Quantum Measurement as Coherence Reconfiguration in Aetherium

This paper is part of the Aetherium Foundations Phase, which develops the formal field equations, emergent geometry, and theoretical structure underlying the Aetherium substrate.

The quantum measurement problem arises from the tension between the linear, deterministic evolution of quantum states and the emergence of single, definite outcomes in measurement. Standard formulations introduce collapse postulates or interpretive overlays but provide no physically grounded mechanism for outcome selection within a single world. The Aetherium framework resolves this tension by introducing a pre‑geometric substrate whose intrinsic property is coherence, constrained by the resonant structure of the substrate.
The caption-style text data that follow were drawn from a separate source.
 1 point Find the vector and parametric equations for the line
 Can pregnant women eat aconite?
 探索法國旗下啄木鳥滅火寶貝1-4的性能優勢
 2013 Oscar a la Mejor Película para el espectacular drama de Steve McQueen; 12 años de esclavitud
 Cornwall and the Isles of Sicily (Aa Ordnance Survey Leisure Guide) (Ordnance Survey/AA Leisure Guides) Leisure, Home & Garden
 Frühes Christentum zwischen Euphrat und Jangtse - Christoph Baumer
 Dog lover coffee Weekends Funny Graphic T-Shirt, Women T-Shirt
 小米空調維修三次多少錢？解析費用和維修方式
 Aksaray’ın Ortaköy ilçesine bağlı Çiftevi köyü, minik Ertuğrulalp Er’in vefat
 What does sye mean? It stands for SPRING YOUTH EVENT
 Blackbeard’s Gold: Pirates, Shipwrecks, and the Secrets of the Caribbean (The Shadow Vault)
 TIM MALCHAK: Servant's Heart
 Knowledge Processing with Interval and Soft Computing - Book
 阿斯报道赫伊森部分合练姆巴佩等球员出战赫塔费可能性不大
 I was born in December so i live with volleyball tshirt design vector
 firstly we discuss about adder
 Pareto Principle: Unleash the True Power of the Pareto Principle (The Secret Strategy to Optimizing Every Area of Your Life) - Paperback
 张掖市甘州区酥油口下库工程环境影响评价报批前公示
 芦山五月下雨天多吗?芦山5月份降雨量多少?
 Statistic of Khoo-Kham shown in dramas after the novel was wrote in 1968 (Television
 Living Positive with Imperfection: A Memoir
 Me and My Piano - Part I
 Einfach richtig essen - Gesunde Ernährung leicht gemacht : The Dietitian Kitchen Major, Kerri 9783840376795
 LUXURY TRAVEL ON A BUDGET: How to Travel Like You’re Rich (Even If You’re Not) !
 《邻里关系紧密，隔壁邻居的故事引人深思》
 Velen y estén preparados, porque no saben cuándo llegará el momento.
Quantum states are coarse‑grained descriptions of coherence patterns, and measurement corresponds to a coherence‑reconfiguration event in which the combined system–apparatus coherence aligns with a resonance‑compatible configuration. Decoherence stabilizes this configuration by redistributing coherence across many degrees of freedom, while probabilities arise from the relative stability of resonant attractor states, yielding the Born rule as a structural consequence of the substrate’s resonance architecture. This coherence‑first ontology provides a single‑world, realist, and local account of measurement that preserves the empirical success of quantum theory while eliminating collapse, branching, and observer‑dependence. The result is a unified and physically meaningful foundation for understanding the quantum‑to‑classical transition.